Decommissioning in the United States

In the United States, ten commercial reactors have already been completed decommissioning, while another five are currently undergoing the process. A further 14 units are in the preliminary phase for decommissioning. Recognizing the importance of ensuring “transparency” from the earliest stage of issuing regulations on decommissioning, the NRC has facilitated public involvement via information disclosure and public meetings.

It also maintains open communications channels with Congress, other governmental organizations, nuclear operators and nuclear parties in other countries — all, similarly, toward ensuring transparency and rationality in the regulatory process.

More than that, the NRC itself is never prideful, but engages continually, with humility, in efforts to fulfill its mission more efficiently and effectively. With the inevitability of more and more plants being decommissioned, the NRC has begun work toward the overall optimization of its operational and decommissioning-related regulation. I think its approach is why it enjoys the confidence of the American public.

Circumstances in Japan

In Japan, decisions were made in April to decommission five more commercial reactors. Including the six units at Fukushima Daiichi, and others already in the process, the total now stands at 14.

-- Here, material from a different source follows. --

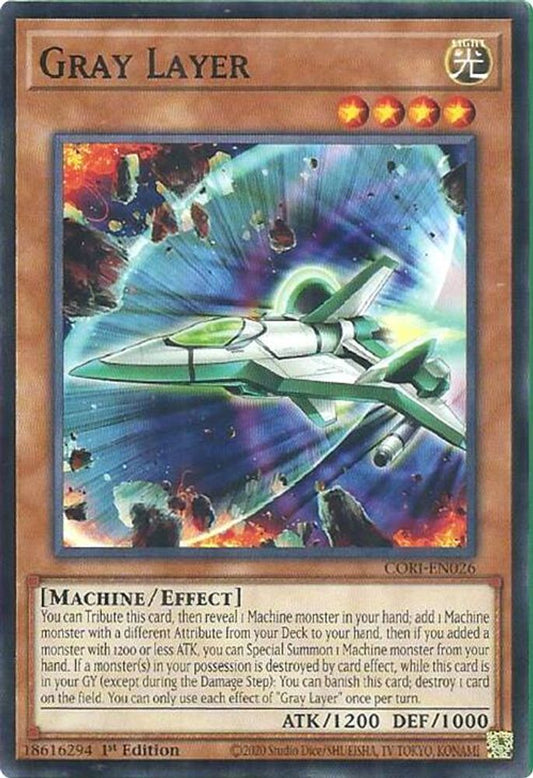 CORI-EN026 * Gray Layer * Common * Chaos Origins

At JAIF, we have consistently said that planning for smooth decommissioning needs to consider its effects on the local public as well — not just its technical aspects, but also the effects of radioactive waste disposal — and their future prospects. As part of that, the public in the siting areas must be given a clear explanation toward better understanding and greater cooperation.

When it comes to issuing rules for decommissioning — that is, the frameworks and regulation — one cannot overemphasize the importance of deepening communications between operators, who know the site best, and the NRA.

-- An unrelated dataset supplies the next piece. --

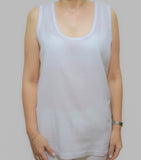Women's Basic Layering Tank Top, Undershirt, Cotton/Hemp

Still, I think there is a lot Japan can learn from the United States, which has considerable decommissioning experience, both technically and in the “software” aspects, namely, its regulation and information disclosure.

Engaging the National Public

Since the March 2011 accident at the Fukushima Daiichi, not only residents in siting areas but also people around Japan have kept a close eye on the nuclear industry and administration. Public attention is especially keen on the matter of restarting the NPPs, all of which have been shut down since the accident.

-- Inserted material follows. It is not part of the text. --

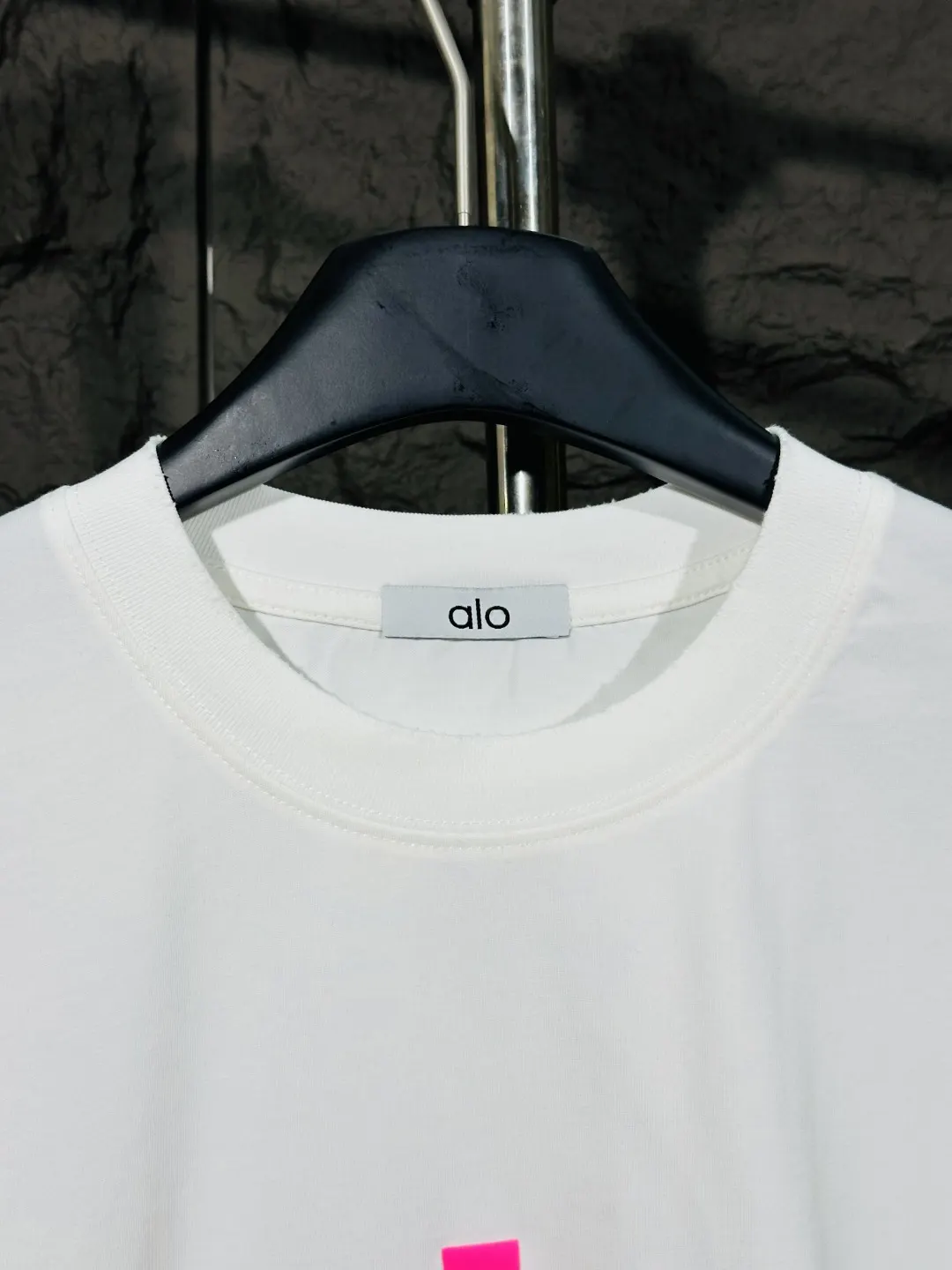 Distressed Logo Cotton T-Shirt D4515334 — view 4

The NRA is to be commended for what it has accomplished so far, ensuring transparency through open discussions with nuclear operators, while maintaining its independence, and so on.

In today’s circumstances, however, it is difficult to obtain understanding from the public if, in the conventional way, proposed regulations are developed with input from operators and then presented to the Japanese public “for comments” but essentially as decisions. It would help enhance public confidence in the NRA if the people were able to participate in the regulatory decision-making process.

By that, I mean their participating in a manner that leads to wider national discussions and motivates the public to think and come to its own conclusions. That is bound to bring about better understanding of nuclear power and restore confidence in it.

Operators also need to listen and respond sincerely to questions from the public, as well as concerns and opinions on nuclear issues, including decommissioning. When matters are explained to the public in siting areas, communications must be more open and two-way.

There is no shortcut to understanding and confidence. I hope that both the NRA and the operators will look to the NRC as a valuable example — as well as to activities in other countries as well — and actively endeavor to build up a history of transparent discussions, dialogue and public involvement. Something like that has yet to take root in Japanese nuclear practices.